Che funzione svolge il Consulente Tecnico d’Ufficio iscritto ad Albo del Tribunale?

«Con l’entrata in vigore della Legge n. 24/2017 (Legge Gelli-Bianco) “Disposizioni in materia di sicurezza delle cure e della persona assistita, nonché in materia di responsabilità professionale degli esercenti le professioni sanitarie”, nell’art. 15 (Nomina dei consulenti tecnici d’ufficio e dei periti nei giudizi di responsabilità sanitaria) si precisa che nei procedimenti civili e  nei  procedimenti penali aventi ad oggetto la responsabilità sanitaria, l’Autorità Giudiziaria affida l’espletamento della consulenza tecnica e della perizia ad un Medico specialista in Medicina Legale e a uno o più specialisti nella disciplina che abbiano specifica e pratica conoscenza di  quanto oggetto del procedimento. Una rappresentanza di esperti delle discipline specialistiche riferite a tutte le professioni sanitarie, tra i quali scegliere per la nomina tenendo conto della disciplina interessata nel procedimento».

Qual è stata la differenza fra il primo corso Opi (2018) e il secondo corso (2020)?

«Il primo corso era aperto solo agli Infermieri e Infermieri pediatrici, mentre il Corso 2020 di Opi è stato multiprofessionalee ha visto coinvolti anche il maxi Ordine dei TSRM-PSTRP (tecnici sanitari di radiologia medica, delle professioni sanitarie tecniche, della riabilitazione e della prevenzione) e l’Ordine della professione interprovinciale di Ostetrica. Vi hanno partecipato 40 professionisti (su 40 posti disponibili) che progressivamente si stanno iscrivendo nei rispettivi Albi.
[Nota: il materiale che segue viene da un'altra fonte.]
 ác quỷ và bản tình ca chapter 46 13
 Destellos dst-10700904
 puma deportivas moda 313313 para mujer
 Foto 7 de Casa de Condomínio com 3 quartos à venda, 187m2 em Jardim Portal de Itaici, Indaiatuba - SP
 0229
Opi Firenze-Pistoia ha siglato due protocolli, uno nel 2017 e uno nel 2019 con la Presidenza del Tribunale. Quali sono le differenze?

«Entrambi i protocolli, per la Sezione Civile, riguardano l’iscrizione dei Consulenti Tecnici d’ufficio per l’albo generale (14 Dicembre 2017) e alla sezione speciale (22 Ottobre 2019). Il primo protocollo ha identificato per gli Infermieri 10 Aree di competenza, mentre l’Albo Sezione Speciale art.15 dopo  plurime riunioni tenutesi nell’anno 2018, ha individuato 18 Aree complessive, con esperienza documentabile di almeno 5 anni ed in corso al momento dell’iscrizione.
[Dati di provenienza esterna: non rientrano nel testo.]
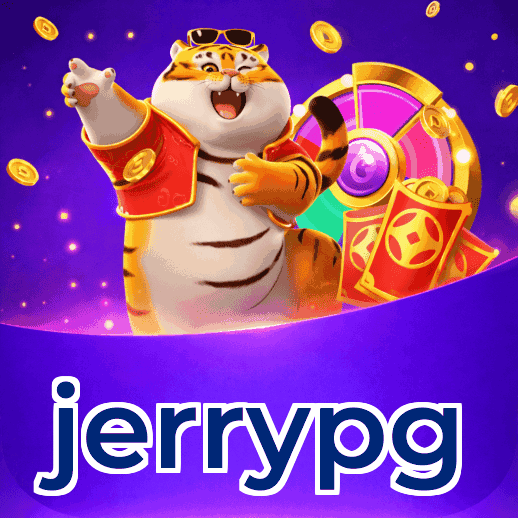 Jogos com maior RTP na jerrypg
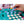 Carica immagine nella galleria, My Tattoo Lab
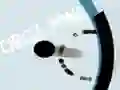 Circle Pong – kostenloses Online-Spiel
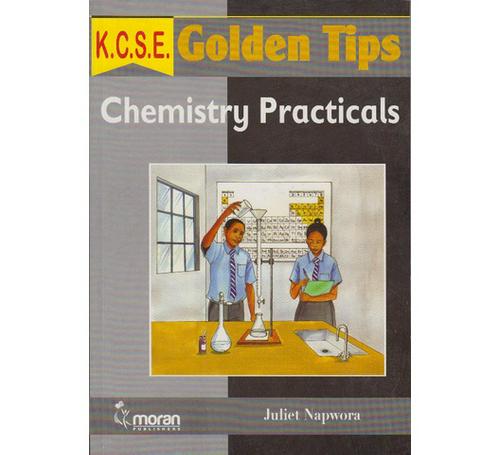 KCSE-Golden-Tips-Chemistry-Practicals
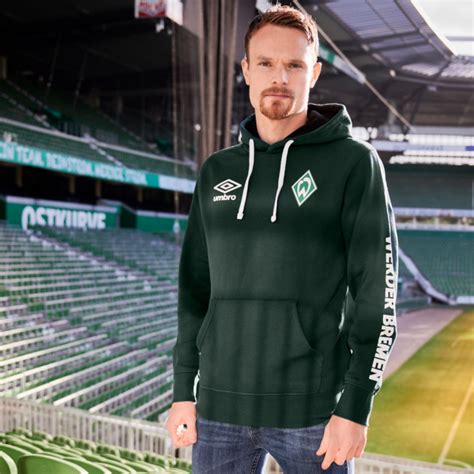 fanartikel werder bremen online shops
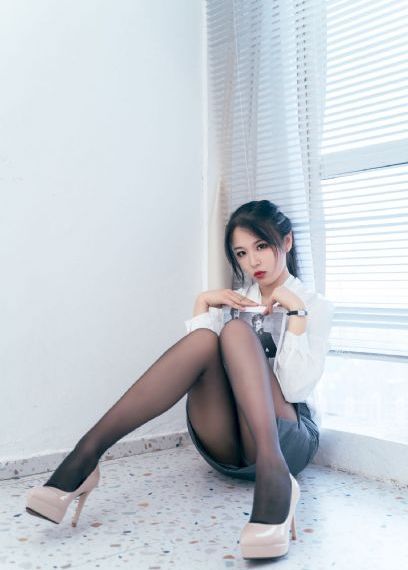 侦察英雄电影抗美援朝在线观看_1080全集在线观看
Lei è stata fra le prime a iscriversi a entrambi gli Albi, ha già avuto modo di esercitare?

«Per il momento ancora nessuna nomina, ma siamo in attesa di poter portare il nostro contributo e collaborare con altre professionalità in ambito giudiziario. Oltre il percorso CTU, ho completato la formazione avanzata in ambito di mediazione civile (procedura stragiudiziale di risoluzione delle controversie) e spero di iniziare a breve i tirocini come uditore tecnico nelle mediazioni civili in ambito di responsabilità sanitaria, necessari per poter esercitare autonomamente la funzione di Mediatore negli Organismi regionali e nazionali».

C’è un terzo corso Opi Firenze – Pistoia in previsione?
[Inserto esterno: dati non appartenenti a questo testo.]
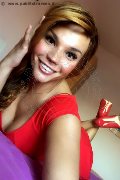 Rimini Transex Angelica Pornostar 347 48 58 254 foto selfie 48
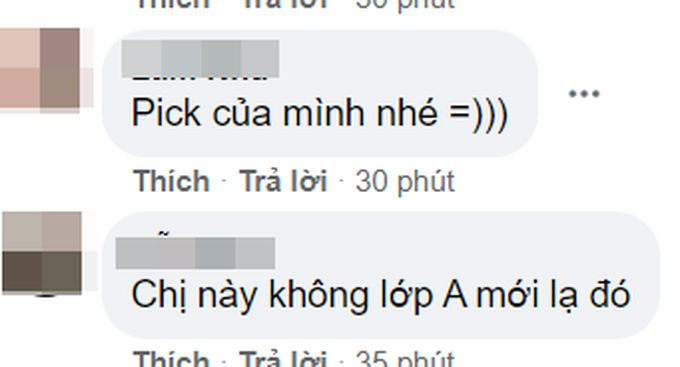 Show Trung của Lisa xuất hiện thí sinh đặc biệt, nhảy bài chủ đề cực chuẩn thách thức cả “Lạp lão sư”, fan đua nhau đòi “pick” mạnh? - Ảnh 7. Show Trung của Lisa xuất hiện thí sinh đặc biệt, nhảy bài chủ đề cực chuẩn thách thức cả “Lạp lão sư”, fan đua nhau đòi “pick” mạnh? - Ảnh 7.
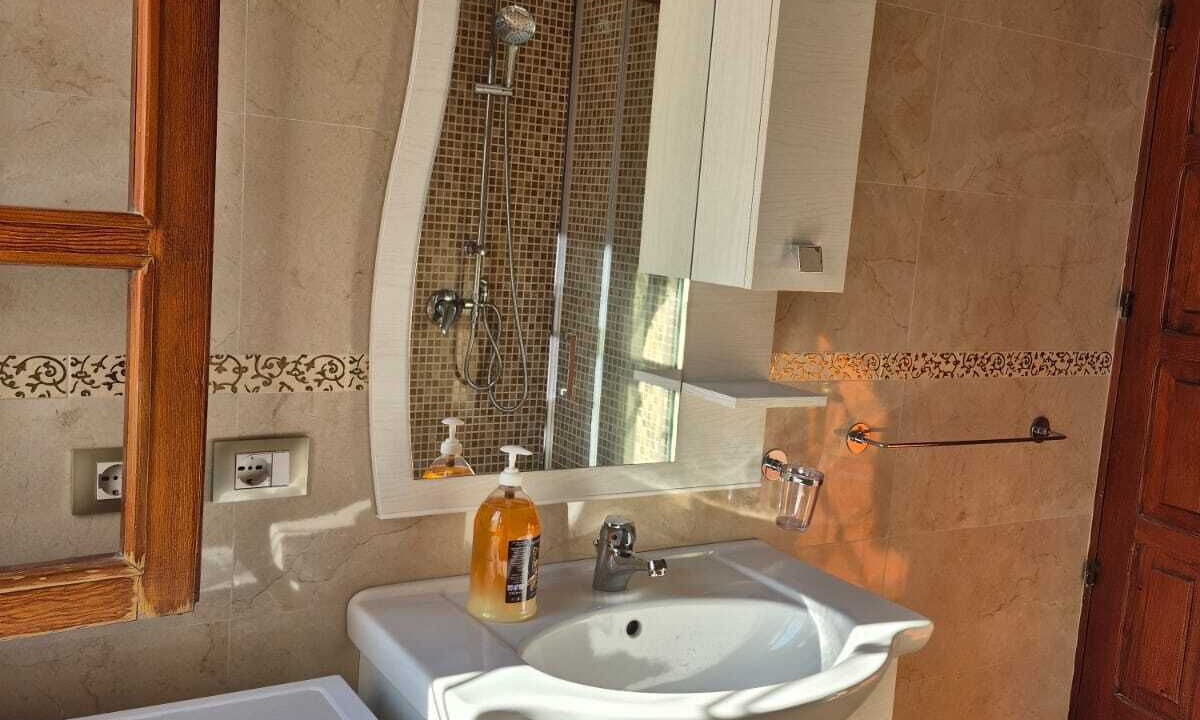 Photo of Bathroom in Montincello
«Sicuramente dovremo promuovere a breve altri due Corsi per CTU, per Opi Firenze e Pistoia, e il Bando è in programmazione. Dobbiamo lavorare sulla formazione di specialisti di aree cliniche ad alta complessità assistenziale, soprattutto sull’area critica dove non abbiamo professionisti abilitati. In calendario a breve anche il Corso sulla Mediazione Civile, uno dei requisiti necessari per l’iscrizione all’Albo sezione speciale (art.15) di cui seguiranno tirocini negli Organismi per chi ha aderito a questa formazione avanzata».

Secondo lei è necessario investire sulla formazione nell’ambito della mediazione civile per le Professioni Sanitarie?

«La mediazione facilitativa in ambito civile, acquisirà una rilevanza strategica sempre maggiore e non solo in ambito giuridico. Il mediatore Infermiere, siamo convinti che abbia attitudini e possieda ottime capacità in grado di agevolare e guidare le parti nel processo di superamento delle proprie posizioni e reali interessi sottesi alla litee rendersi un ottimo facilitatore della comunicazione, lavorare al fine di far emergere dalle parti informazioni, consapevolezze personali, utili al ripristino del dialogo e dell’ascolto tra le stesse, nell’ottica del raggiungimento di un eventuale accordo conciliativo che risolva il conflitto o controversia. Per ottenere questi esiti attesi, è opportuna una formazione avanzata guidata da Avvocati esperti ed Enti/Organismi Formatori della mediazione civile».